[Items listed in a dataset]
"""
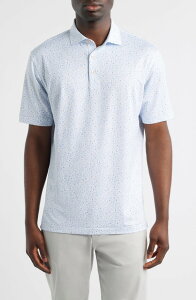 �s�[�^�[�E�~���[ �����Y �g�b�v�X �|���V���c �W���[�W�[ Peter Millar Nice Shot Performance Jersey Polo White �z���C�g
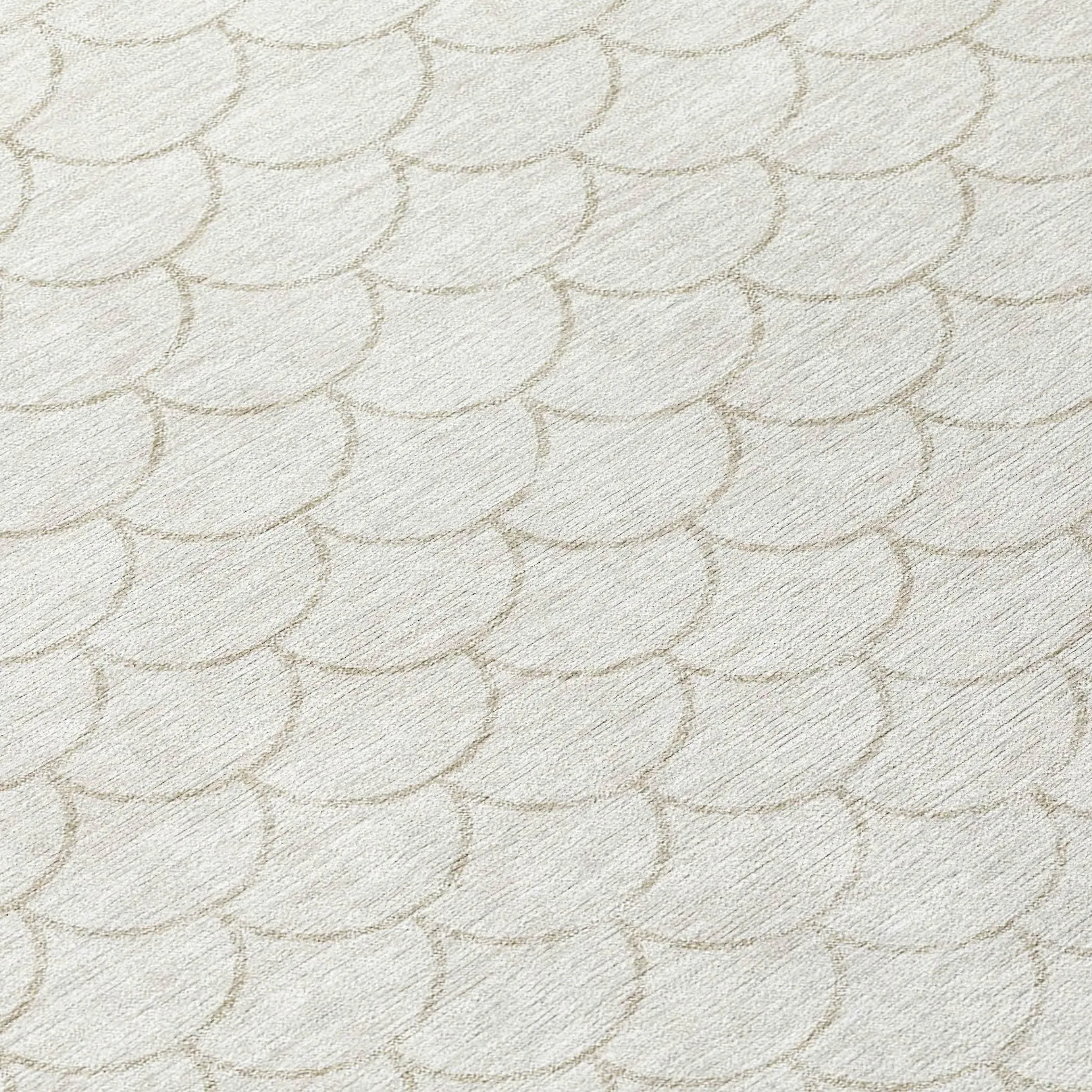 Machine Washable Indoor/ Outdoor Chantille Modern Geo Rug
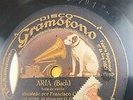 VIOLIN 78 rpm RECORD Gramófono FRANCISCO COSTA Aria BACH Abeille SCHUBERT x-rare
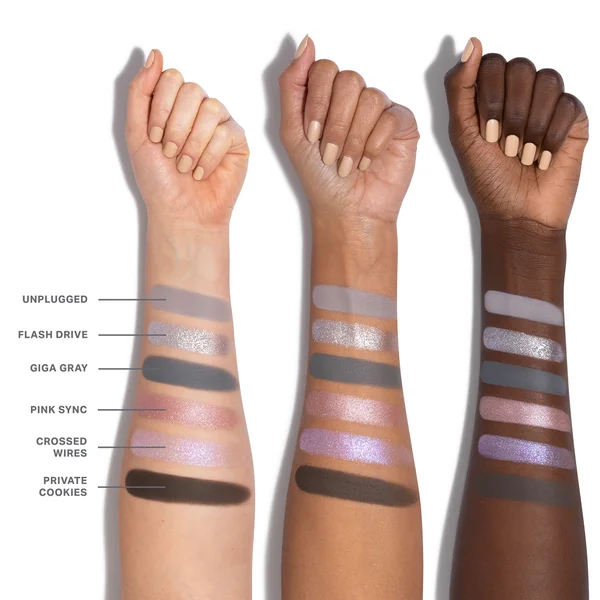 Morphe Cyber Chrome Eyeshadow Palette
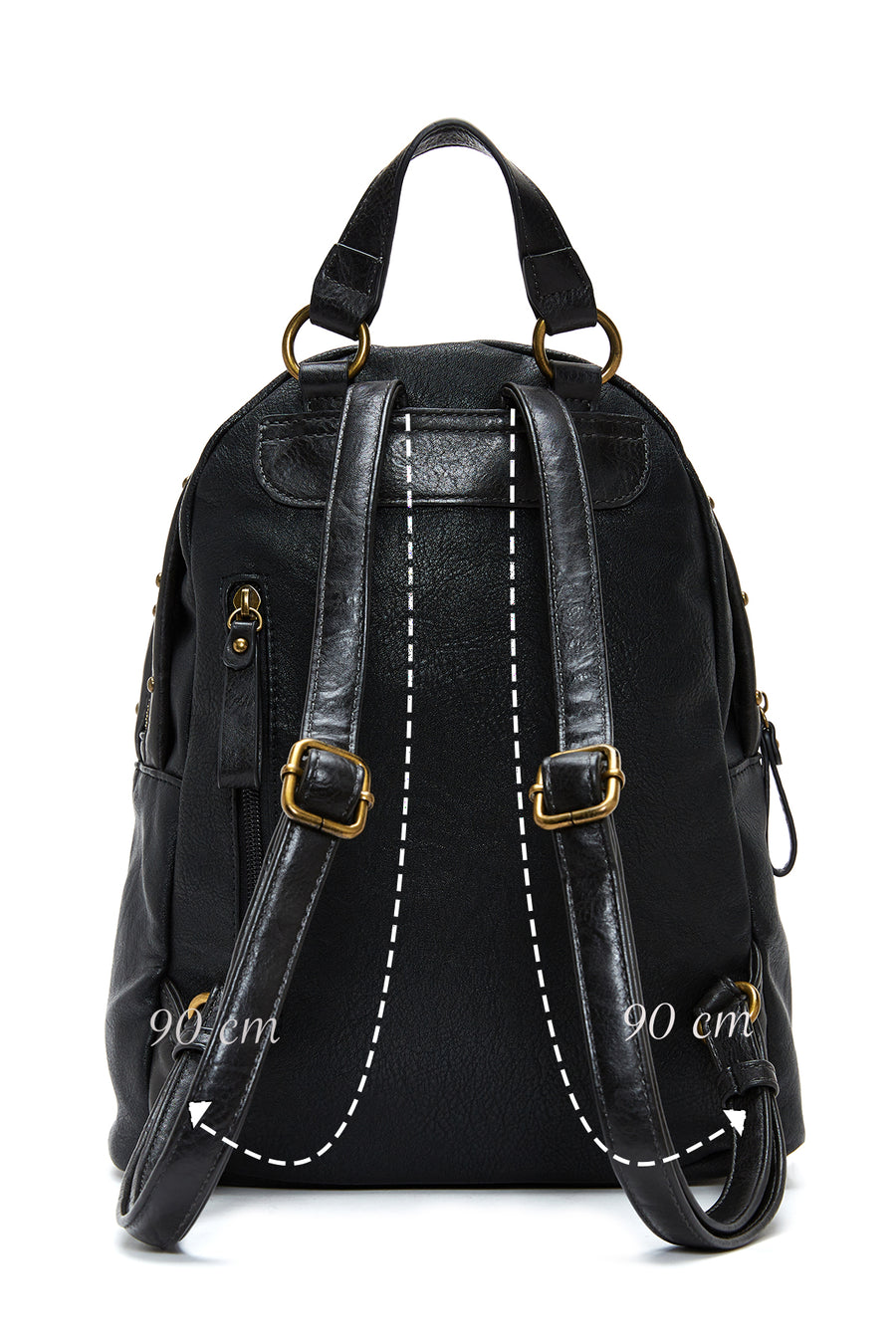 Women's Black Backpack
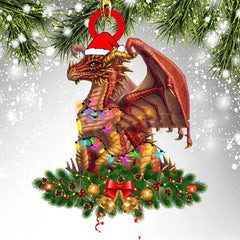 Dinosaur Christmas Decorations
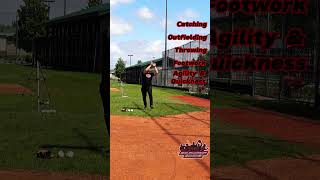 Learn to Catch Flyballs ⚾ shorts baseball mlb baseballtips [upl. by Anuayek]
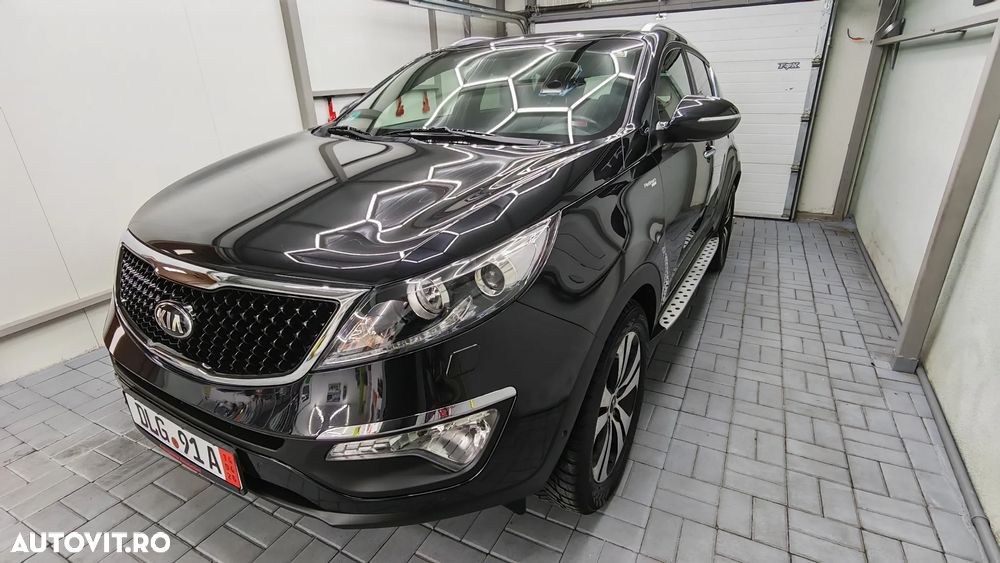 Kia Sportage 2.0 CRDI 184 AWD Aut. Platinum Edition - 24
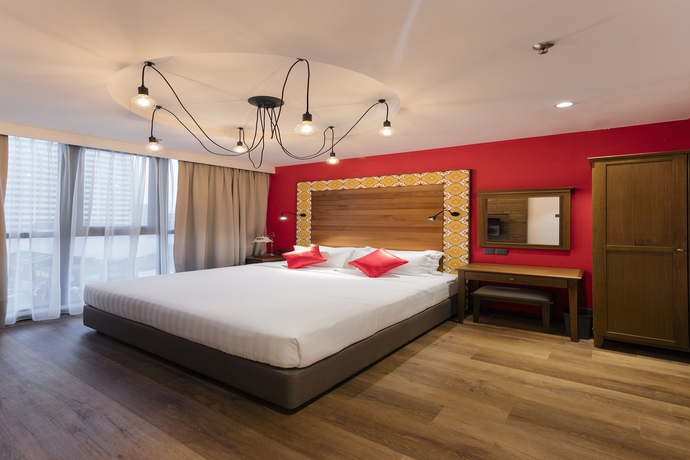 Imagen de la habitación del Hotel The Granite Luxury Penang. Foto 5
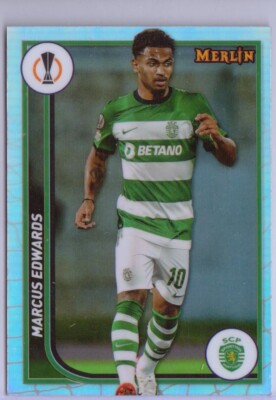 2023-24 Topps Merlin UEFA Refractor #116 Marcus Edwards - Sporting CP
"""
### Exercise prompt
The response should be the lines from the one containing "Learn to Catch" through the final line of the records, reproduced exactly and with every picture left out.

### Solution below
 Learn to Catch Flyballs ⚾ shorts baseball mlb baseballtips [upl. by Anuayek]
 Kia Sportage 2.0 CRDI 184 AWD Aut. Platinum Edition - 24
 Imagen de la habitación del Hotel The Granite Luxury Penang. Foto 5
 2023-24 Topps Merlin UEFA Refractor #116 Marcus Edwards - Sporting CP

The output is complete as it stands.